++++ DATA SECTION ++++

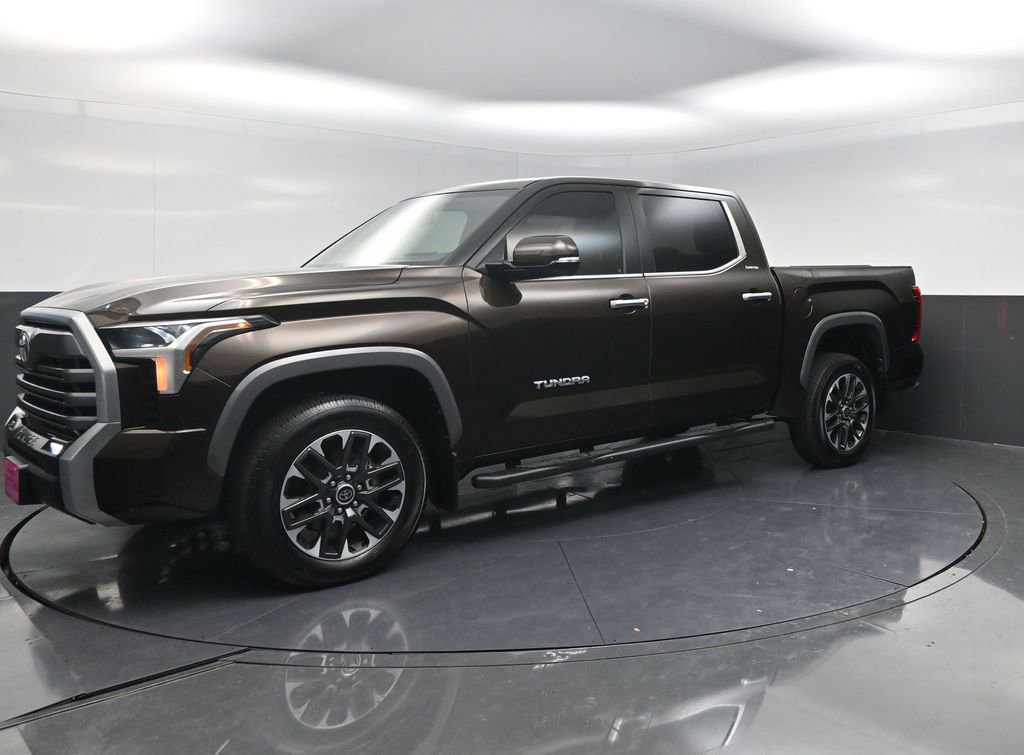 Used 2024 Toyota Tundra Limited image 3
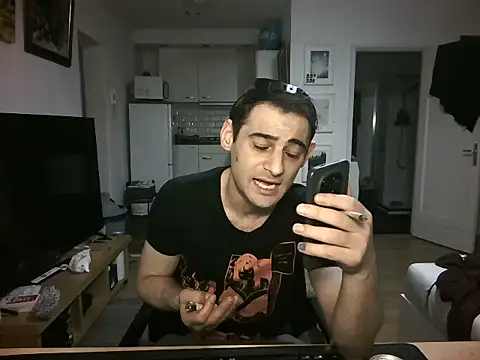 Snapshot of mihaimichael chatting on 12, 6, 2026 mihaimichael online show from 12, 6, 2026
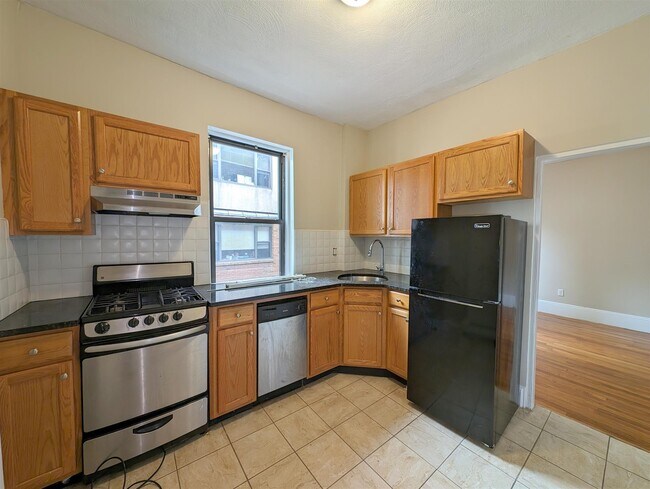 Building Photo - 50 Hancock St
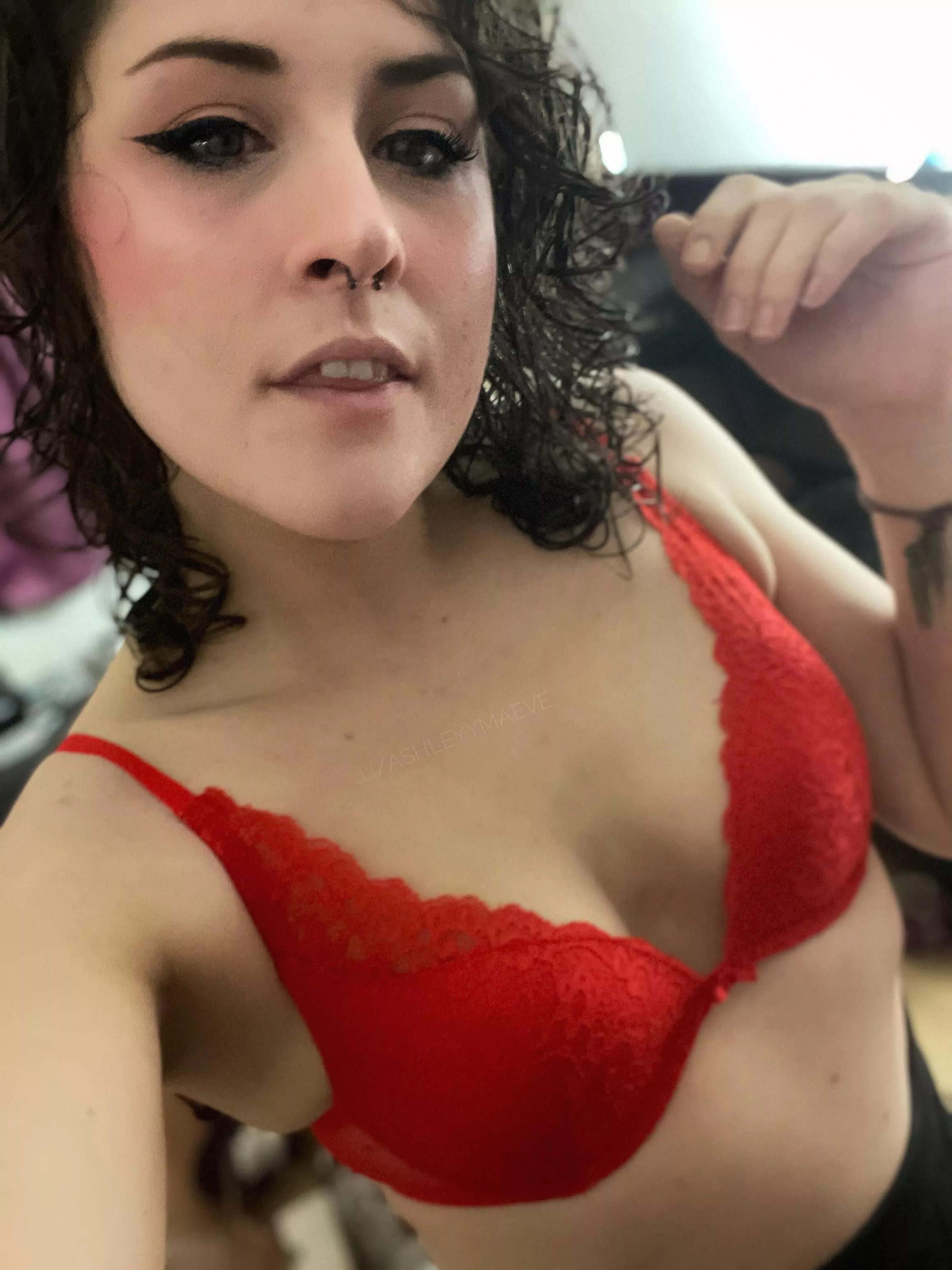 How do you like my boob gap? ❤️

++++

[TASK PROMPT]
Take the line that contains "Snapshot of mihaimichael" and all lines after it to the end of the material above, and copy them verbatim without any images.

[RESPONSE]
 Snapshot of mihaimichael chatting on 12, 6, 2026 mihaimichael online show from 12, 6, 2026
 Building Photo - 50 Hancock St
 How do you like my boob gap? ❤️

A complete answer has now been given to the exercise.